Num mundo onde a maior parte parecia não ser, mas era, o laranja parecia ser,
mas não era. Ele agia pelo cós das evidências. Quando uma CPI deitava a mão
sobre o laranja do caso, e começava a espremê-lo, surgia imediatamente um
problema de classificação das espécies que nem o velho Spencer conseguiria resolver.
Esse laranja é um laranja de primeira, segunda ou terceira geração? Ele tem o
seu próprio laranja ou é laranja de alguém?
Foi
assim por bom tempo, até que a vergonha sumiu de vez e os laranjas perderam
seus empregos, sendo substituídos por simples e bem-humorados apelidos nos
cadernos dos corruptores: Amigo, Todo Feio, Caju, Índio, Angorá, Italiano,
Campari, Velhinho e por vai. Anonimato guardado a sete chaves na cabeça de quem
só procederia às decodificações após um aprendizado de boa vontade e colaboração
na carceragem da PF de Curitiba.
Eis
que surge, agora, uma nova série de apelidos que vem suscitando especulações e
a exigir decodificação. Um acordo de colaboração entre as autoridades
brasileiras, norte-americanas e suíças, descreve as atividades criminosas de
nove "Brazilian Officials" identificados em investigação promovida
pelo Departamento de Justiça dos EUA nos negócios da Odebrecht e da Braskem.
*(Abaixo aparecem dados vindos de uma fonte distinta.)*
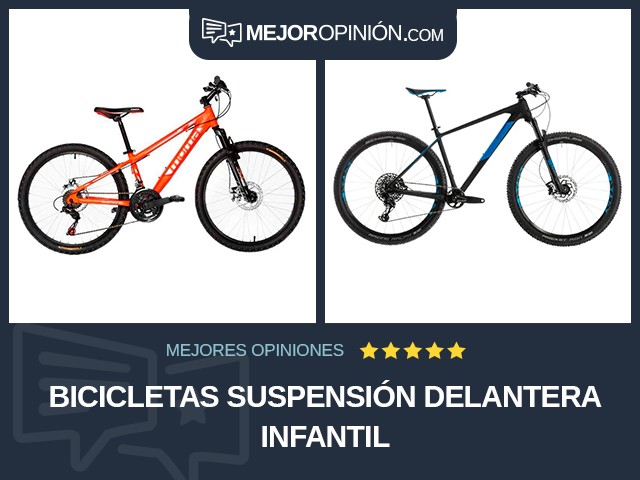 Bicicletas Suspensión delantera Infantil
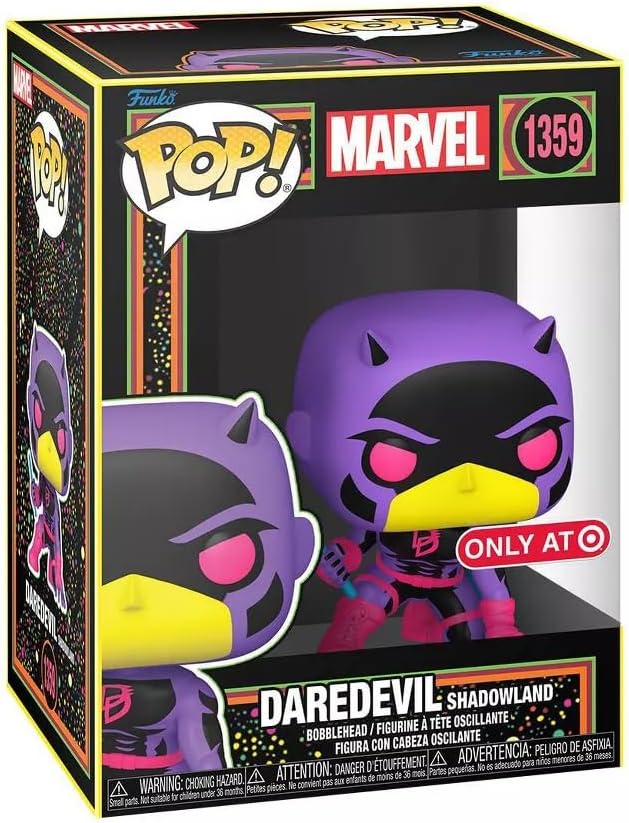 Pop Marvel Daredevil Shadowland Special Edition 1359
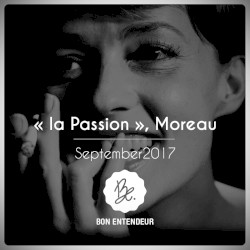 La Passion, Moreau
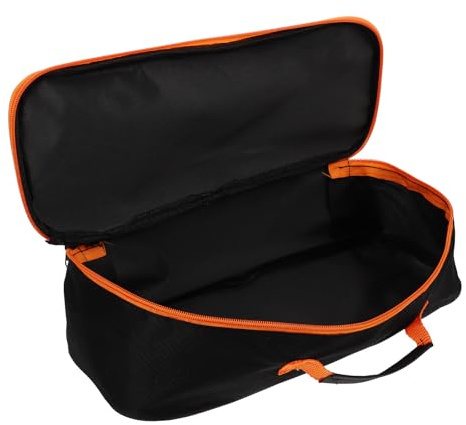 Operitacx Outdoor Grillbesteck Tasche aus Oxford Stoff mit Großer Kapazität und Wasserdichtem Design Multifunktional für Picknick und Party Geeignet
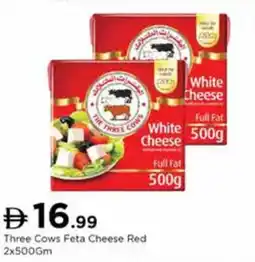 Nesto Three Cows Feta Cheese Red offer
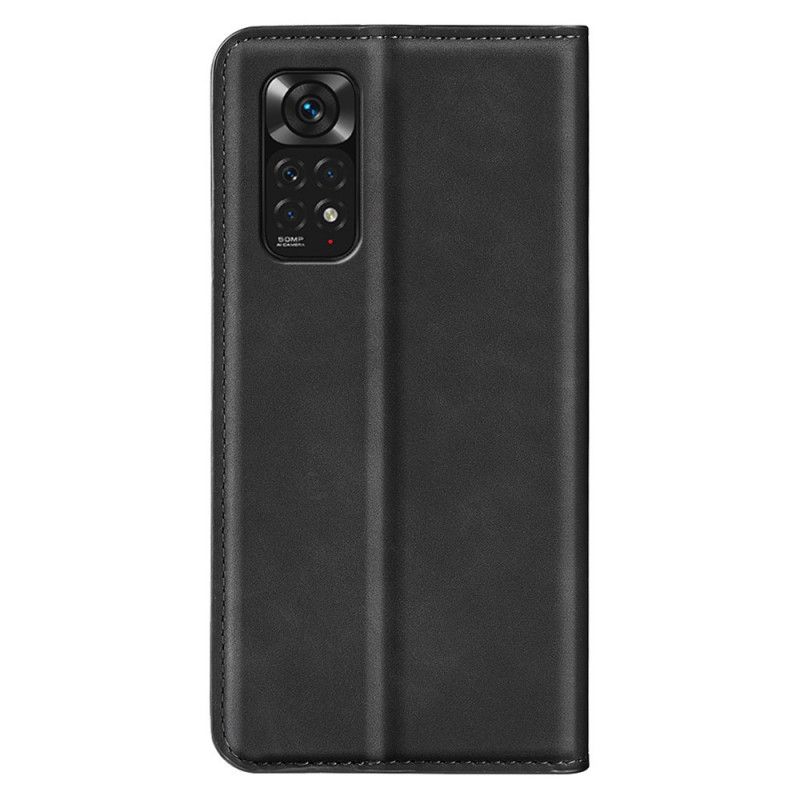 Cover Xiaomi Redmi Note 11 / 11S Flip Cover Lædereffekt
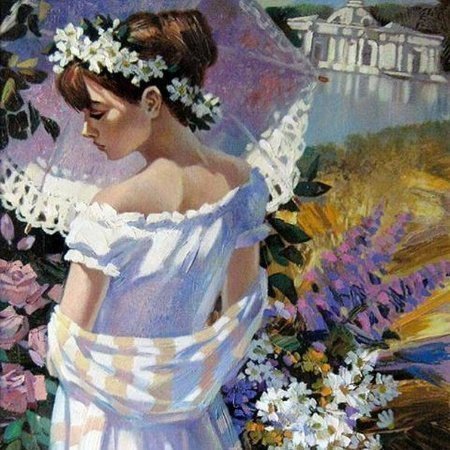 Романтические картины Алексея Лашкевича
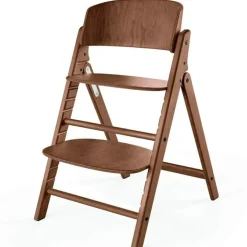 Chaise haute pliante Click&Fold All Natural Dark|Cybex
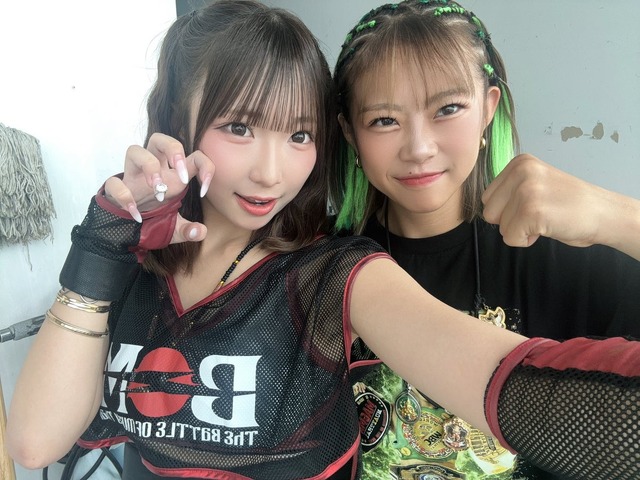 Charaと姉の藤原乃愛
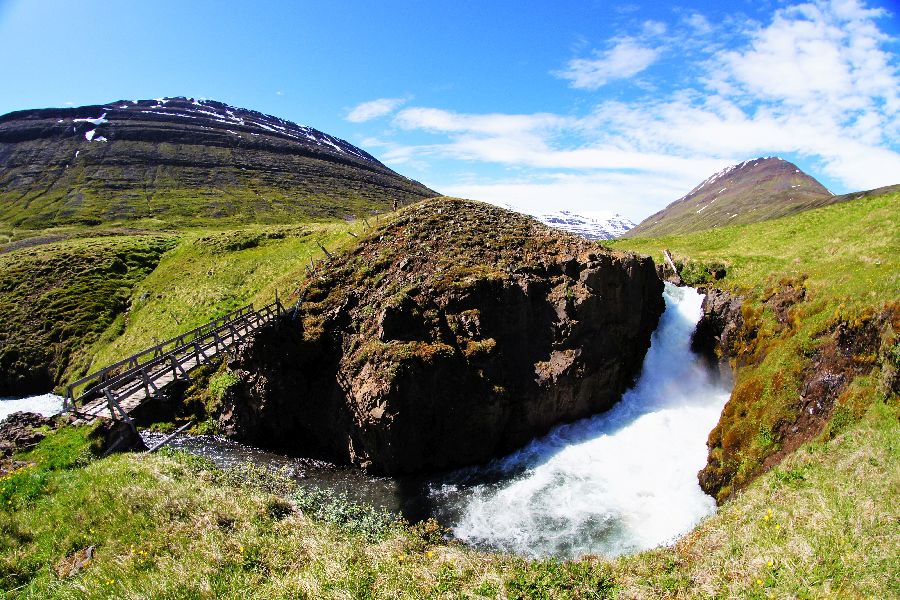 Waterfall Circle Autorondreis IJsland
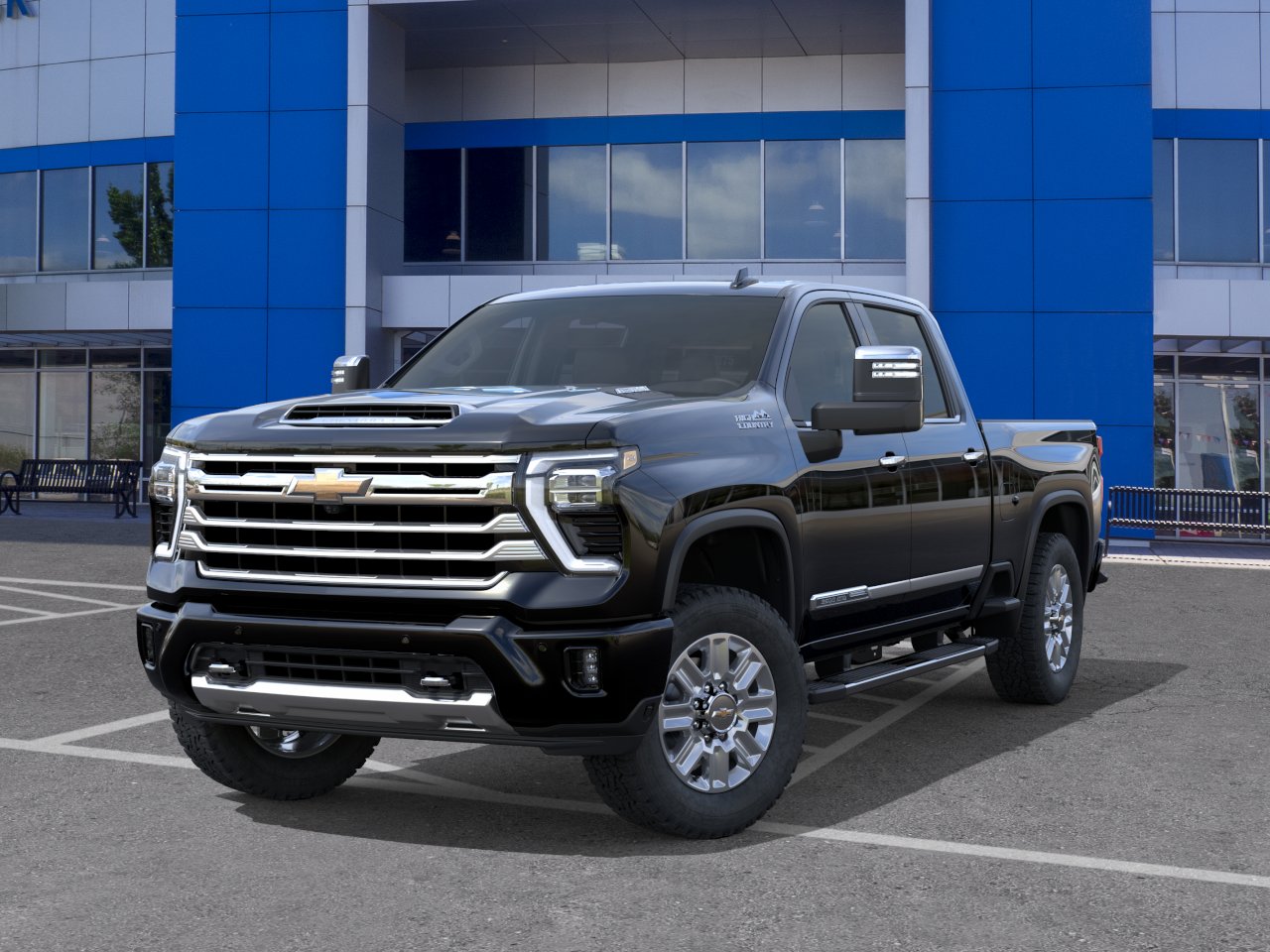 New 2026 Black Chevrolet High Country image 48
Quando a gente pensava que a Lava Jato já tivesse arrancado todo o tapete que encobria
o submundo financeiro da política brasileira, surge uma quinta ponta,
desvelando seus desdobramentos internacionais. E dele emerge, grafado em inglês
como "brazilian official", um certo cavalheiro também conhecido como
Amigo e amigo do peito de generosos laranjas dos quais jamais abriu mão.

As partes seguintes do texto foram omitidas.